02-20-2004, 11:38 AM
hey all,

I think I have found a bug in PHPDig were it is not passing cookies for all requests.

When PHPDig does a HEAD request to a file, it passes all the cookies properly, but when it actually goes to read the file it uses the PHP file(...) function instead of doing a proper GET request. (admin/robot_functions.php, phpdigTempFile(...) function, line 682)

Why does this matter? Well, I have a multilingual site that uses the PHP session to find the current language setting to render the appropriate text. By not sending cookies, I cannot restore my session to find the proper language setting and thus always get the default text.
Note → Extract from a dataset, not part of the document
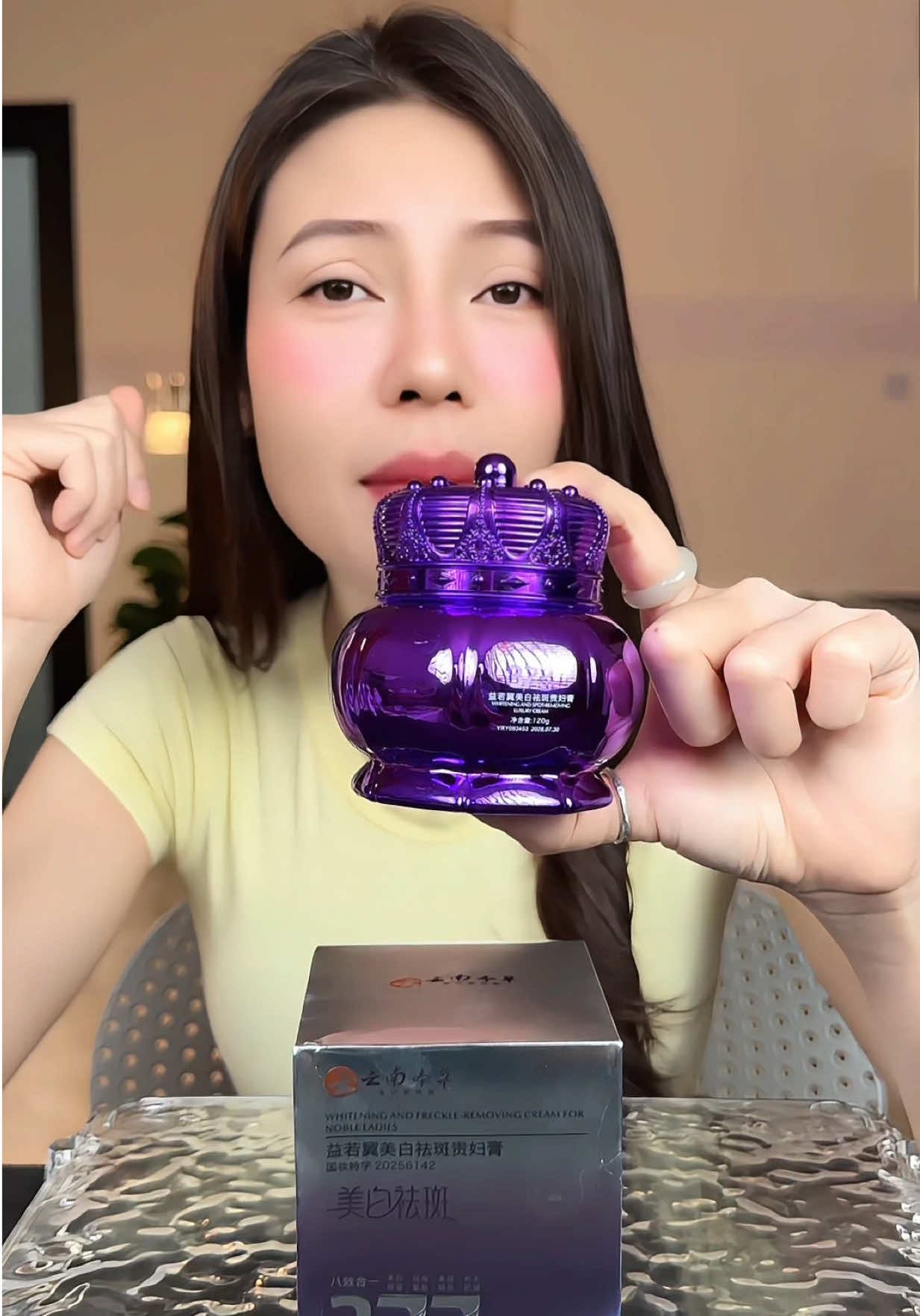 Kem dưỡng cao cấp dưỡng trắng làm mờ nám tàn nhang #kemduong #kemduongtrangda #thuymahong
I have coded a fix for myself to solve my problem by creating a phpdigfile(...) function that executes a proper GET request instead of using the file() function.

Has anyone else run into this problem?

02-20-2004, 05:25 PM
Hi. I haven't personally come across this issue.

>> I have coded a fix for myself to solve my problem...

Mind sharing?

02-21-2004, 10:10 AM
Sure no problems, here is the function I wrote. I cut / pasted most of the code from your other functions. I'm sure some of this stuff can be broken out into utility functions to avoid the redundancy.

I don't think this is the perfect solution. I have not had time to debug further yet, but the spidering is awfully slow. Somewhere around 20 seconds per page - yikes!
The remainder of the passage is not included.